> TASK STATEMENT
Copy out the data so that nothing differs from the original.

> THE DATA
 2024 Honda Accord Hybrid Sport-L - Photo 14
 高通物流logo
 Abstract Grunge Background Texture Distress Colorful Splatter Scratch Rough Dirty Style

> YOUR SOLUTION
 2024 Honda Accord Hybrid Sport-L - Photo 14
 高通物流logo
 Abstract Grunge Background Texture Distress Colorful Splatter Scratch Rough Dirty Style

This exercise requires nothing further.